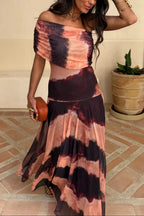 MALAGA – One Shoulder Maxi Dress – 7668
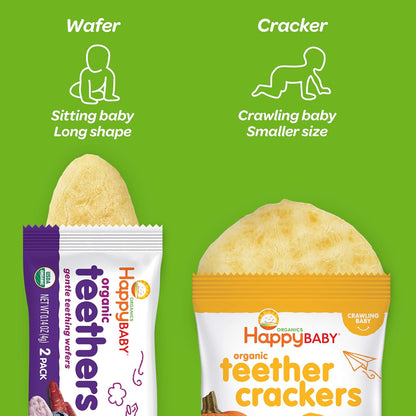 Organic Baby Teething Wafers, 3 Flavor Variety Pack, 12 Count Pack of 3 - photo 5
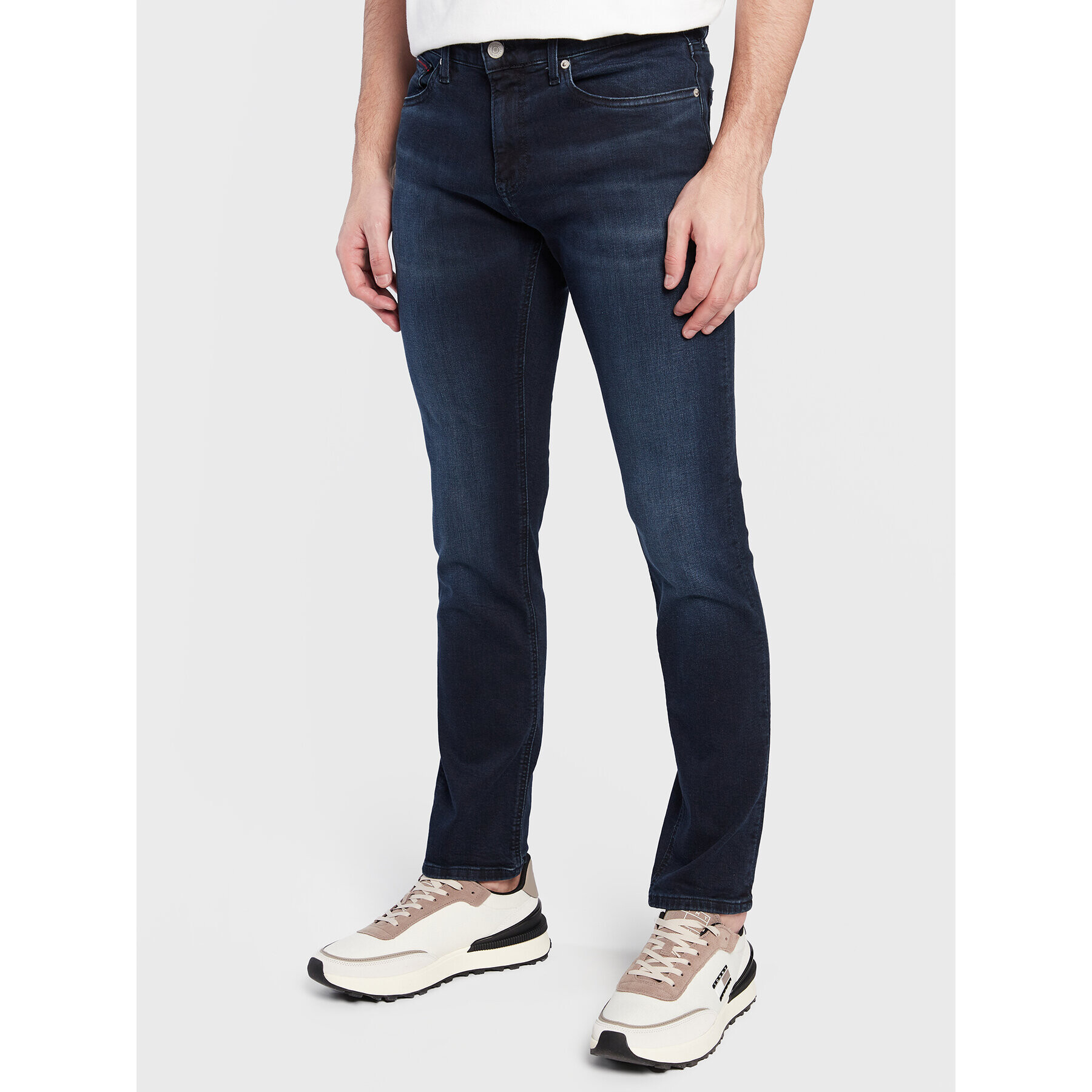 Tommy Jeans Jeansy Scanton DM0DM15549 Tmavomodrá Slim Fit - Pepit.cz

--

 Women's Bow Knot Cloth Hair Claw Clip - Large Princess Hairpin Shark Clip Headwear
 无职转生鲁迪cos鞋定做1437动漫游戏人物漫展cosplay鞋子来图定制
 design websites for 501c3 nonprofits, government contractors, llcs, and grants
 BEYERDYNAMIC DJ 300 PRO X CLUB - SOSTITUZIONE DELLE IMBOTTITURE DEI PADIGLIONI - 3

Required action »
Would you copy the lines above exactly, starting with the one that has "MALAGA – One Shoulder Maxi Dress – 7668" and ending with the one that has "Tommy Jeans Jeansy", both included, without the pictures?

Solution for this problem »
 MALAGA – One Shoulder Maxi Dress – 7668
 Organic Baby Teething Wafers, 3 Flavor Variety Pack, 12 Count Pack of 3 - photo 5
 Tommy Jeans Jeansy Scanton DM0DM15549 Tmavomodrá Slim Fit - Pepit.cz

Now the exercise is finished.